# [EXERCISE OBJECTIVE]
Would you print the lines below exactly, beginning at the line that has "Steven Alan スティーブンアラン" and stopping after the line that has "Wasmachinekast met opslag"? Only those lines, and no pictures.

# [INPUT MATERIAL]
********************

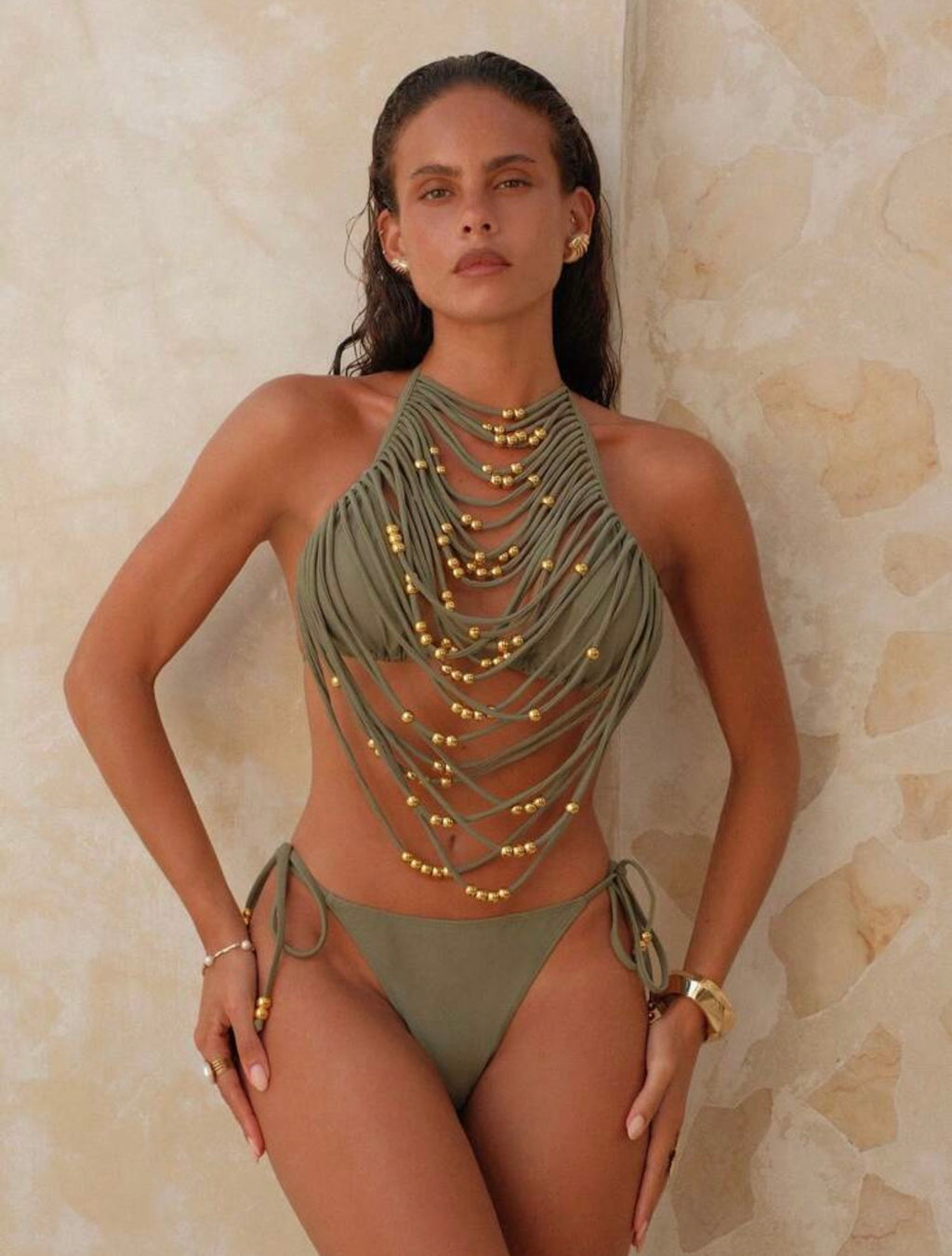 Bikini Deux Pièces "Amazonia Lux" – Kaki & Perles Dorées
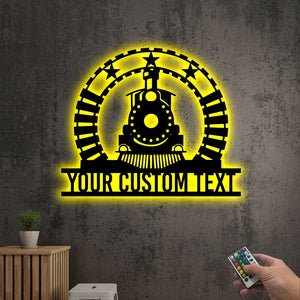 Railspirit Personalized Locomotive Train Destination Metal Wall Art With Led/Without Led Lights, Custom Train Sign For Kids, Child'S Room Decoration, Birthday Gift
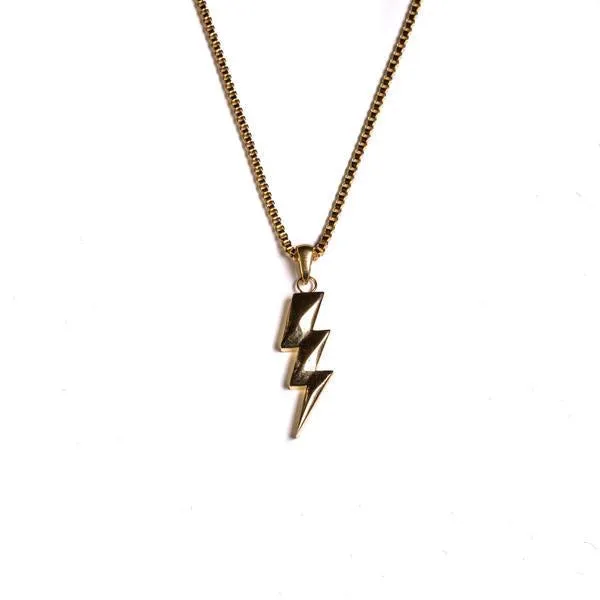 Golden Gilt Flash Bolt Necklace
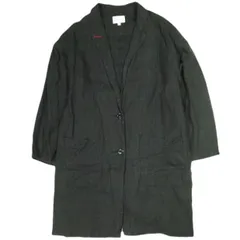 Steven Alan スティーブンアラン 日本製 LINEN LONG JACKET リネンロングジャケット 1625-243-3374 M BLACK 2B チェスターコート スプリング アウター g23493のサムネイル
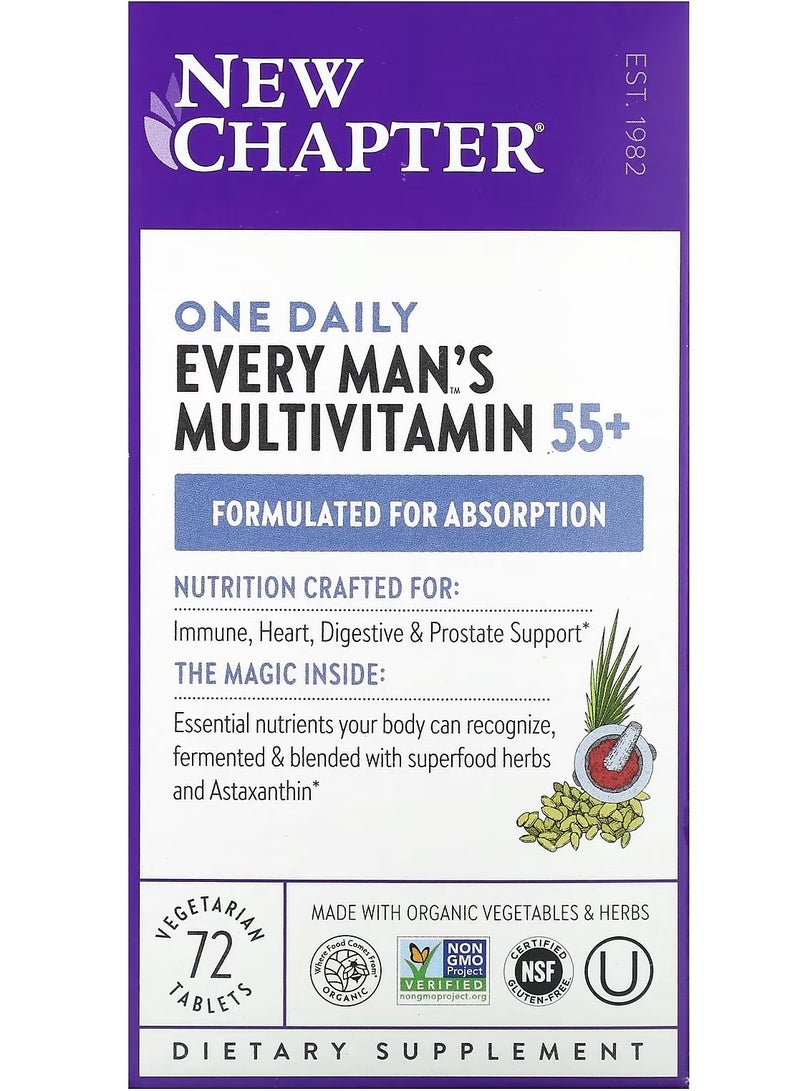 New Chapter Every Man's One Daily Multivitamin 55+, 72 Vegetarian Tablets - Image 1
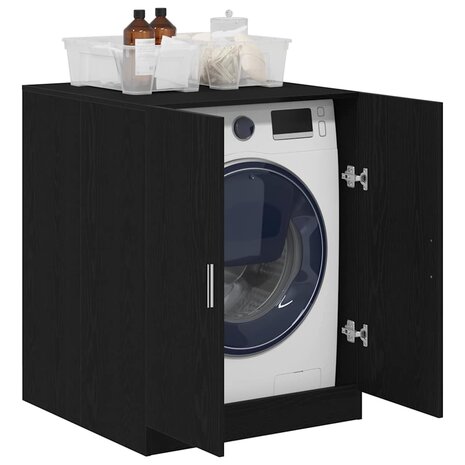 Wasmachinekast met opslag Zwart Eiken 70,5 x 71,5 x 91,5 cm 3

********************

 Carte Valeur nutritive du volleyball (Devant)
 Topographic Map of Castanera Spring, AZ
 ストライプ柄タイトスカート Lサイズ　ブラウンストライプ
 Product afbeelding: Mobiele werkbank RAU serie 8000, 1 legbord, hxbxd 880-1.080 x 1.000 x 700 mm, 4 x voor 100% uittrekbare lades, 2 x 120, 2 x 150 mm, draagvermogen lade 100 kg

********************

# [FINAL ANSWER]
 Steven Alan スティーブンアラン 日本製 LINEN LONG JACKET リネンロングジャケット 1625-243-3374 M BLACK 2B チェスターコート スプリング アウター g23493のサムネイル
 New Chapter Every Man's One Daily Multivitamin 55+, 72 Vegetarian Tablets - Image 1
 Wasmachinekast met opslag Zwart Eiken 70,5 x 71,5 x 91,5 cm 3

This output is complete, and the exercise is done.